A music-producing memorial tied to World War II received some fanfare this morning, as part of a restoration effort that began in 2019.
The towering Netherlands Carillon, located near the Marine Corps War Memorial and a short walk from Rosslyn, had its bells removed and shipped back to the Netherlands for restoration and tuning. The country gifted the memorial to the U.S. for its help during and after the war.
On Thursday morning, a new bell weighing over three tons was raised by a crane, in a ceremony that featured the U.S. and Dutch anthems as well as speakers including André Haspels, ambassador of the Kingdom of the Netherlands.
The hoisted George C. Marshall Bell is named after the former secretary of state who under President Harry Truman helped Western Europe rebuild with the Marshall Plan.

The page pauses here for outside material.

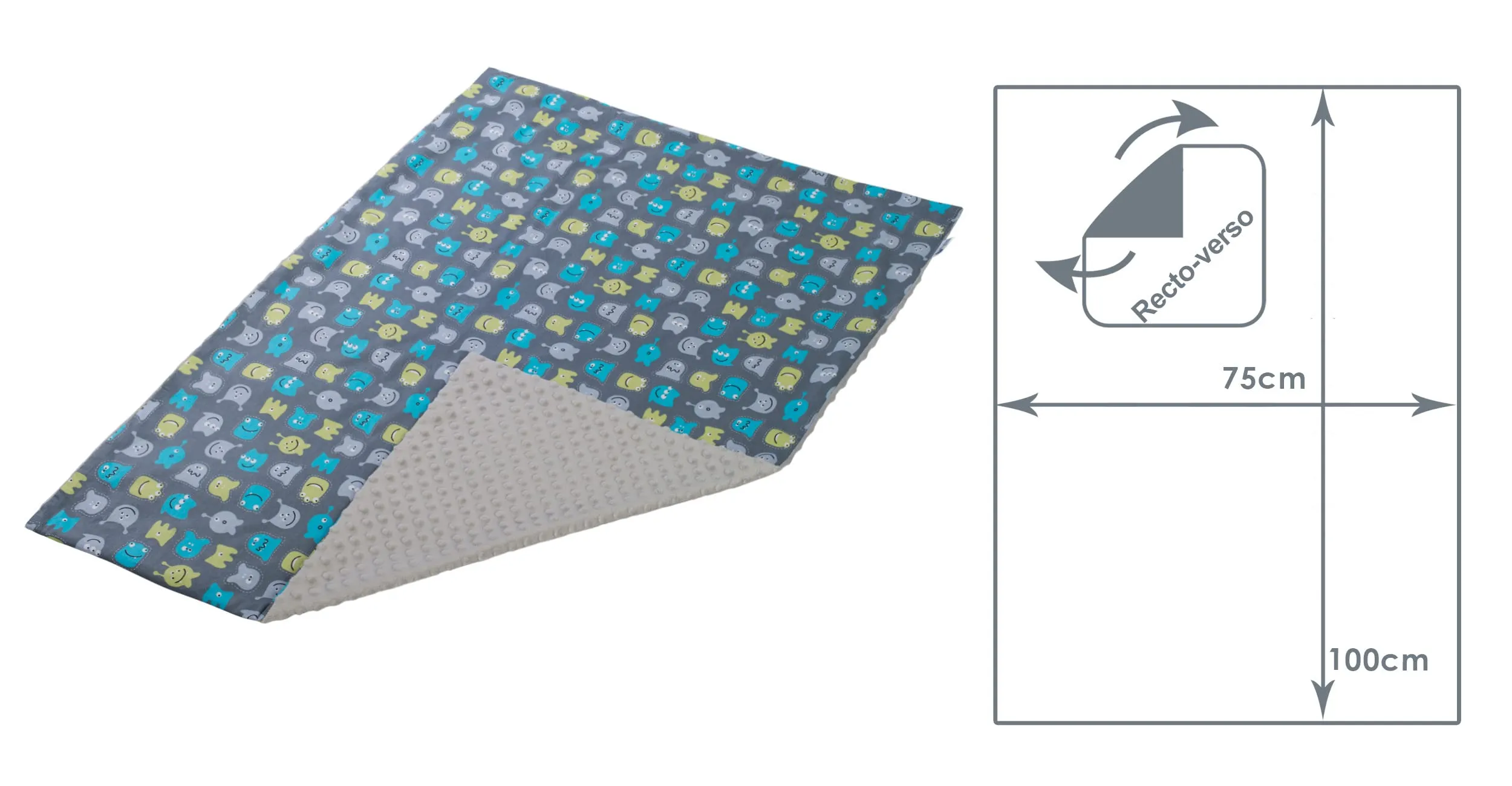 Medi Partners Coperta per Neonato Bifacciale in Cotone e Minky 75x100cm, Creature con Grigio - immagine 3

The bell, along with two other new bells, were cast in 2020 in the Netherlands.
The carillon was first installed in D.C. in West Potomac Park before being relocated next to the war memorial in Arlington in 1960.
The three new bells will make it a grand carillon — a term for the musical instruments that have more than 50 bells.
The other two bells will be added later, and the National Park Service expects the restoration to be complete by this fall. Those other bells are being named in honor of civil rights activist Martin Luther King Jr. and First Lady Eleanor Roosevelt.